- Born: Selma Emiroğlu 17 May 1928 Istanbul, Turkey
- Died: 4 October 2011 (aged 83) Tutzing, Germany
- Occupation: Cartoonist
- Notable work: Kara Kedi Çetesi

= Selma Emiroğlu =

Turkish cartoonist

Selma Emiroğlu Aykan (17 May 1928 – 4 October 2011) was the first female cartoonist in Turkey. She was also an opera singer.

==Life==
She was born in Istanbul on 17 May 1928. She studied Üsküdar American Academy, but before graduation, she left the school and entered the Conservatoire of Istanbul Municipality.

In 1963, she married Aydın Aykan and moved to Berlin, West Germany. She gave birth to a daughter named Aylin. She died on 4 October 2011 in Tutzing, Germany.

==Cartoonist career==
During her childhood, she was fond of drawing.
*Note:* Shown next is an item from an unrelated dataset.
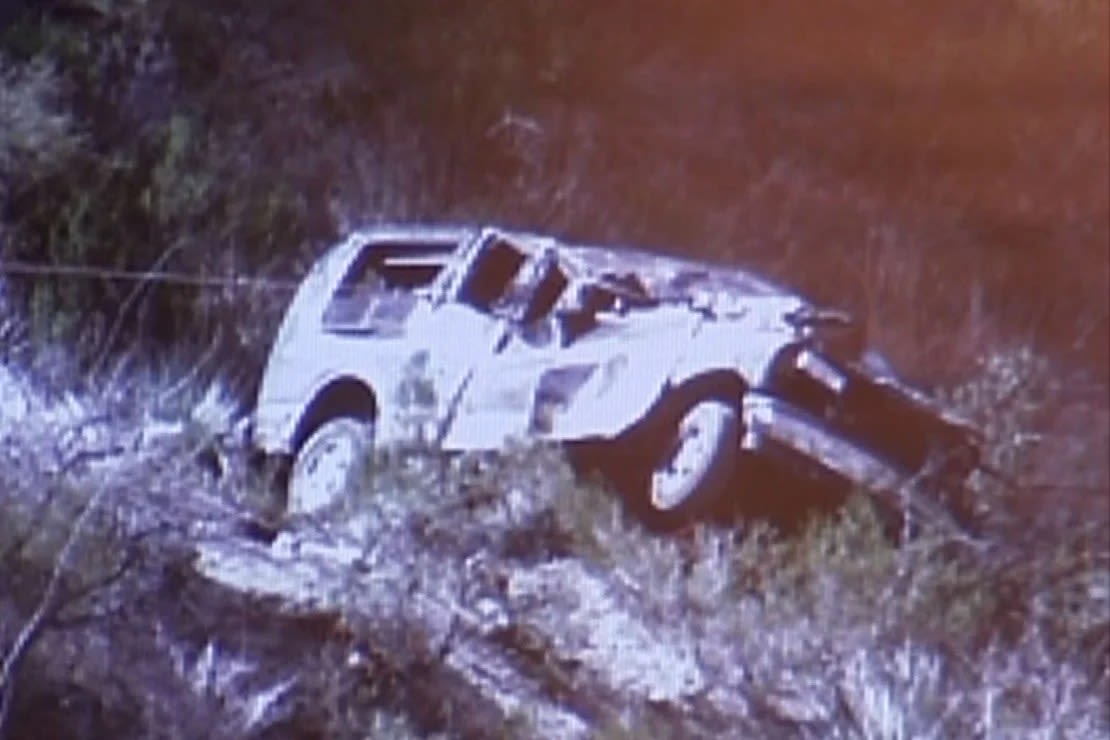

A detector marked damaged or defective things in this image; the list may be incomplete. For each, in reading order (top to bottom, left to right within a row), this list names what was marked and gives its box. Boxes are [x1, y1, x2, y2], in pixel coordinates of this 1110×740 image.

dented body panel [254, 222, 981, 505]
Her mother sent some of her drawings to Cemal Nadir Güler, a renowned cartoonist of the 1940s. Her first cartoon appeared on the Amcabey periodical of Güler as early as 1943. When Doğan Kardeş, the children's periodical began to be published by Kâzım Taşkent, the founder of Yapı Kredi Bank, she began drawing for the publication.

She created the funnies Kara Kedi Çetesi ("The Black Cat Gang"). In 1949, when the Indian prime minister Jawaharlal Nehru sent an elephant to Turkey as a present for Turkish children, Emiroğlu drew a welcome cartoon on the cover page of Doğan Kardeş.

==Music==
She was one of the sopranos of the Istanbul Opera. She played the leading role in La Traviata in Istanbul. While in Germany, she concentrated more on music.